Some of the cruise lines understand this and have sought to cater to individuals who don’t want to be trapped on a floating preschool for a week. While they do offer children’s activities, it is not their main focus. Most notable in this ever shrinking category are Celebrity, Holland America and Princess Cruises. The other main lines, Royal Caribbean (which owns Celebrity), Norwegian and Carnival seem to be headed in the extreme opposite direction.
These lines have always catered to families, which is fine. I cruised with Norwegian (NCL) in 2002 and Royal Caribbean (RCCL) in 2004 and both were amazing trips. There of course were a lot of families on board, but the focus of the ship was not to cater to children and so their presence was not annoying. Some recent events though seem to be changing the focus of these cruise lines completely.

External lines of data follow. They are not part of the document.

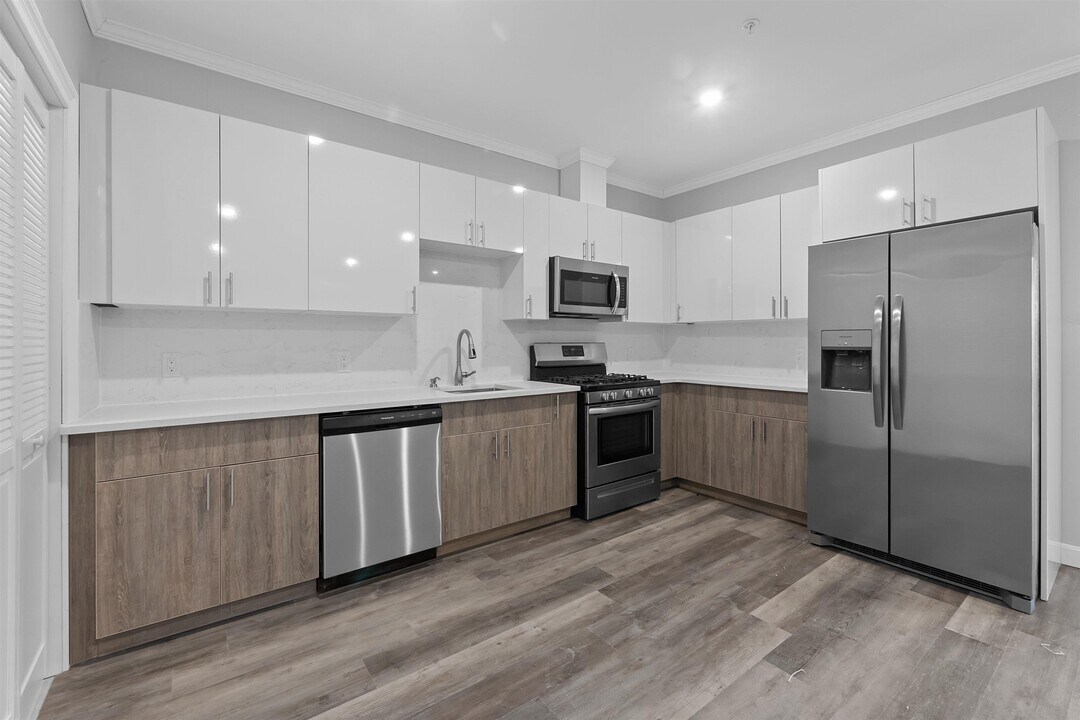 680 Grand St-Unit -505 in Jersey City, NJ - Building Photo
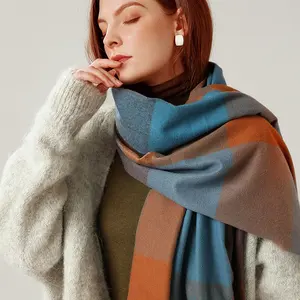 Новинка 2022, Дизайнерские теплые мягкие шарфы из пашмины, шаль, одеяло, Женский клетчатый кашемировый зимний шарф с кисточками для женщин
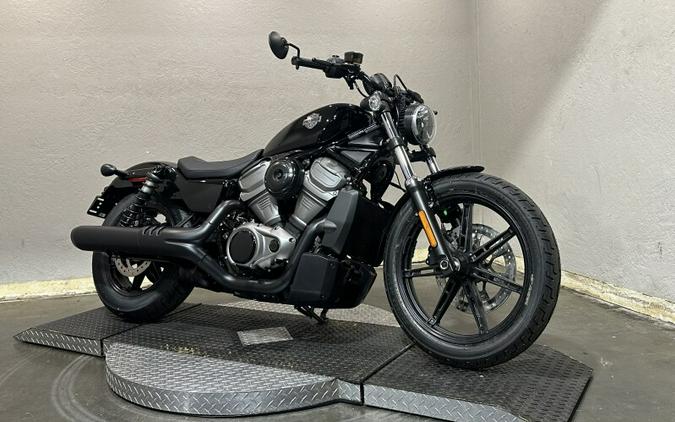 2024 Harley-Davidson Nightster™ Vivid Black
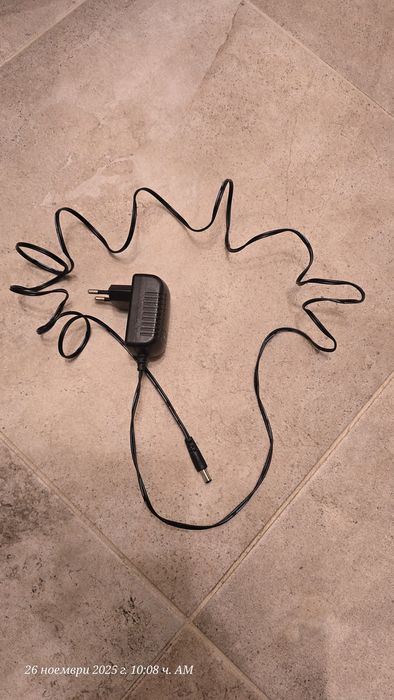 Продавам акумулаторно моторче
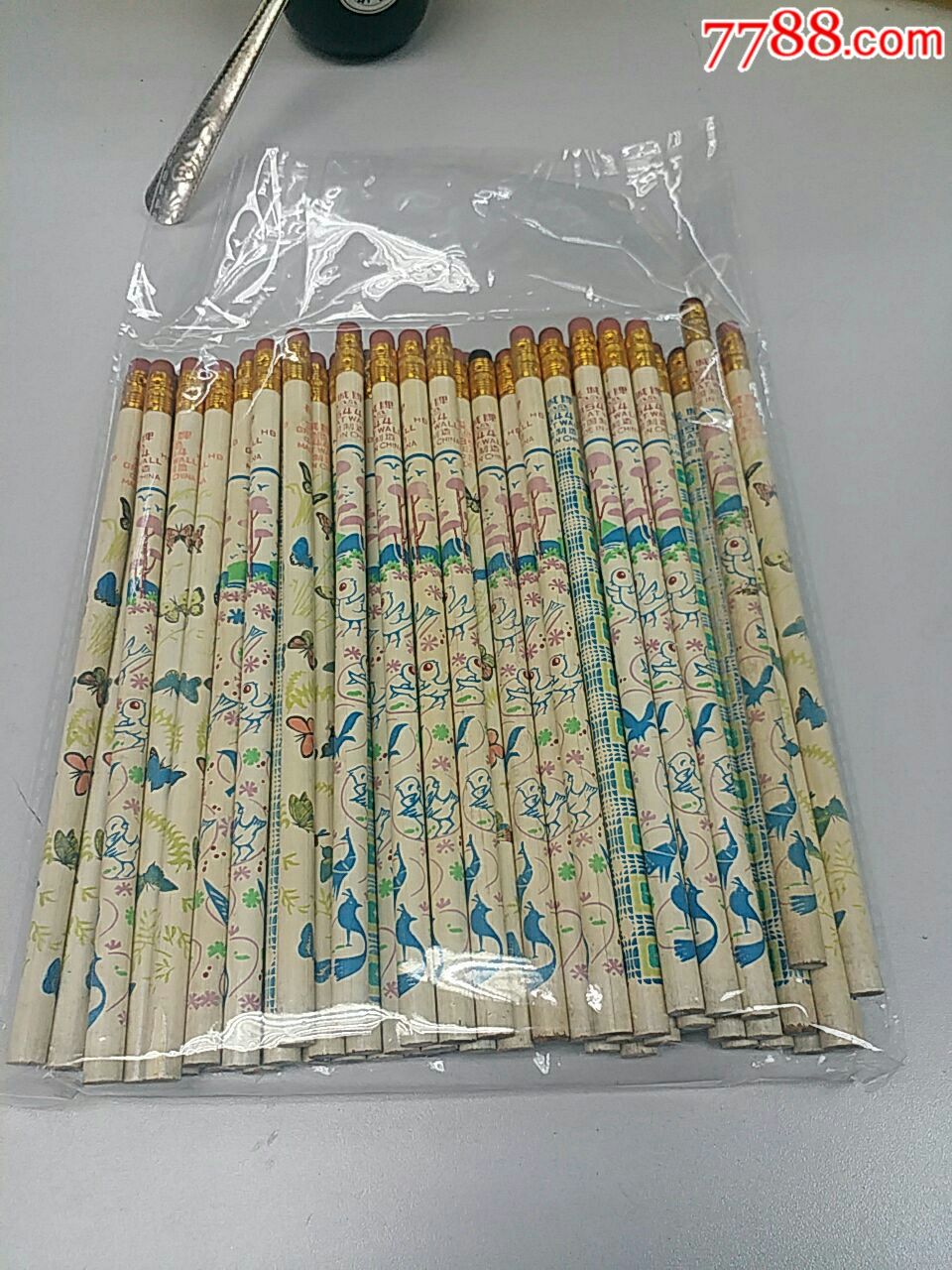 5品99长城牌铅笔￥2008.5品99三星铅笔盒及外国铅笔￥330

Disney is successful because it is Disney. Its movies and characters are world renowned icons. Wanting to capitalize on the success of these character cruises, RCCL recently entered into an agreement with DreamWorks Animation to bring Shrek and other animated characters on board and NCL has an agreement with Nickelodeon to offer the same experience. (What happens if Sponge Bob falls in the pool?) Additionally, on their new ships you find everything from vast water parks to multistory video game experiences. Combined, I do not get an image of quiet relaxation. Rather, I imagine these new ships to be veritable floating amusement parks. That’s fine if that is what you truly want in a vacation, but for me, and millions like me, it is strong incentive to avoid these ships at all costs.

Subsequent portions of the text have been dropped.